The below splits a dataset into chunks that are each run on a seperate VMs, using a custom Docker image that has the necessary packages installed, for instance via build triggers. Optimise by including the package future in these Docker images.

library(future.apply) ## Will automatically load future too
library(googleComputeEngineR)

my_docker <- gce_tag_container("custom-image", project = "my-project")

vms <- gce_vm_cluster("r-vm", cluster_size = 3, docker_image = my_docker)
                
## create the future cluster
plan(cluster, 
     workers = as.cluster(vms, 
                          docker_image=my_docker))
                          
## create the list of data to run on the cluster
## here we assume they are in a folder of CSVs
## and there are as many files as VMs to run it upon
my_files <- list.files("myfolder")

my_data <- lapply(my_files, read.csv)

## make a big function to run asynchronously
cluster_f <- function(my_data, args = 4){
   
   forecast::forecast(forecast::auto.arima(ts(my_data, frequency = args)))
   
}

## send to cluster
result <- future.apply::future_lapply(my_data, cluster_f, args = 4) 

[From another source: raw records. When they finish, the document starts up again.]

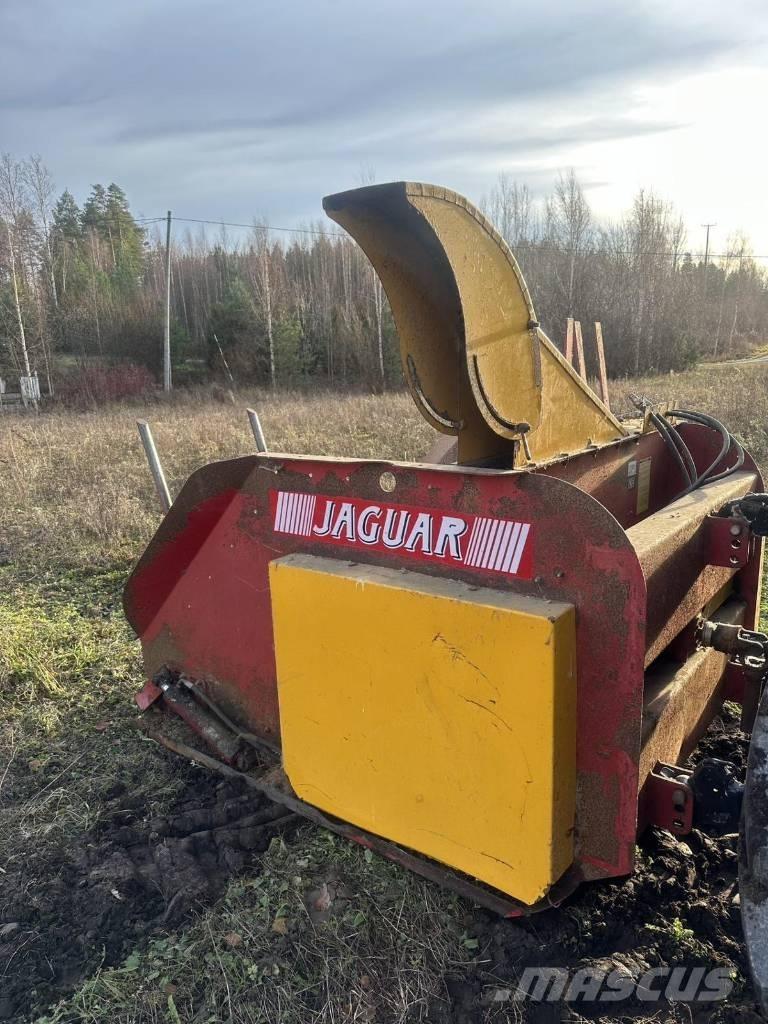 Jaguar Paalisilppuri Ķīpu smalcinātāji, griezēji un attinēji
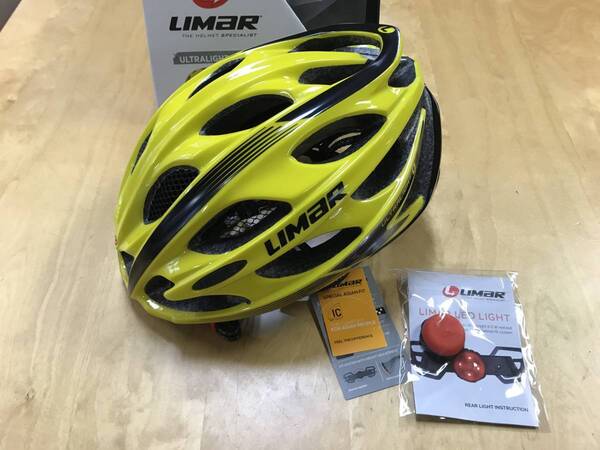 ウルトラライト YELLOW Lサイズ ULTRA LIGHT LIMAR リマール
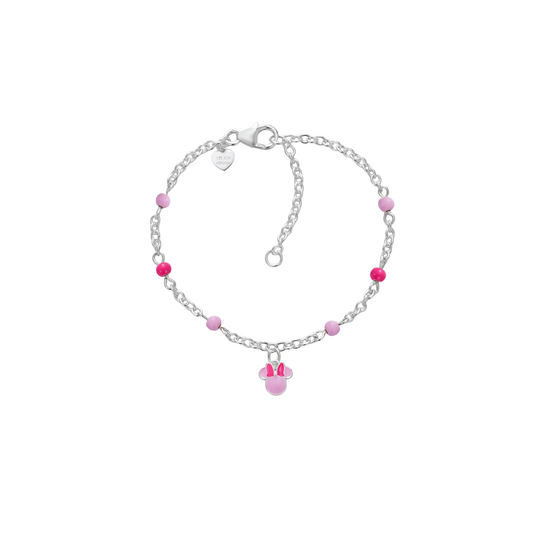 Bracciale bimba Disney Minnie Rosa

## once done this will be TRUE
resolved(result)

## Your list of forecasts are now available
result

Rasters in parallel

This is from @ctlamb’s GitHub issue #93 which uses a custom Dockerfile to install the raster package.

The custom Dockerfile was setup in this GitHub repo then made into an image with these Build Trigger settings:

Make sure the VMs are created in the same project as the build triggers to ensure authentication is smooth.

The example code is shown below, assuming your custom Docker image is available at gcr.io/your-project/raster

library(raster)
library(googleComputeEngineR)
library(future)
library(future.apply)
library(SpaDES.tools)

gce_global_project("your-project")

## create raster
row <- 8
col <- 8
r <- raster(nrows=row, ncols=col,
            xmn=0, xmx=row, 
            ymn=0, ymx=col, 
            vals=c(1:(row*col)))
plot(r)

## Split
r_split <- splitRaster(r, nx=2, ny=2)

## create model
df <- data.frame(y=c(1:10),layer=c(1:5,7,6,8:10))
mod <- glm(y~layer, data=df)


## create CPUs names - here we customise the CPU machine type
vms <- gce_vm_cluster("myvms", predefined_type = "n1-highmem-2")

## once all launched, add to cluster with custom Dockerfile
## use plan(sequential) for local testing
plan(cluster, workers = as.cluster(vms, docker_image=my_image)

## make the vector of stuff to send to nodes
o <- lapply(r_split, readAll)

## the action you want to perform on the elements in the cluster
my_single_function <- function(x){
  raster::predict(x, mod)
}

#parallel - working?
result <- future_lapply(o, my_single_function)

## tidy up
lapply(vms, FUN = gce_vm_stop)

Cleanup

Remember to shut down your cluster. You are charged per second, per instance of uptime.

## shutdown instances when finished
gce_vm_stop(vms)

# or delete them
gce_vm_delete(vms)

Pre-emptible VMs

Preemptible VMs are a lot cheaper (80%) than normal instances, but Google reserves the right to stop them at any time. They are intended to be used in non-critical jobs where if they shutdown you can account for it and launch another.

To create them, you need to pass scheduling = list(preemptible = TRUE) to gce_vm_create() creation family of functions.

Make sure you can cope with the result may not be returned, so over provision the VMs and ensure your script can deal with redoing jobs if they didn’t complete.

Quotas

You can launch as many VMs as you have quota for in your account. These vary from region, from ~240 to 720. You can apply for more quota if you need it.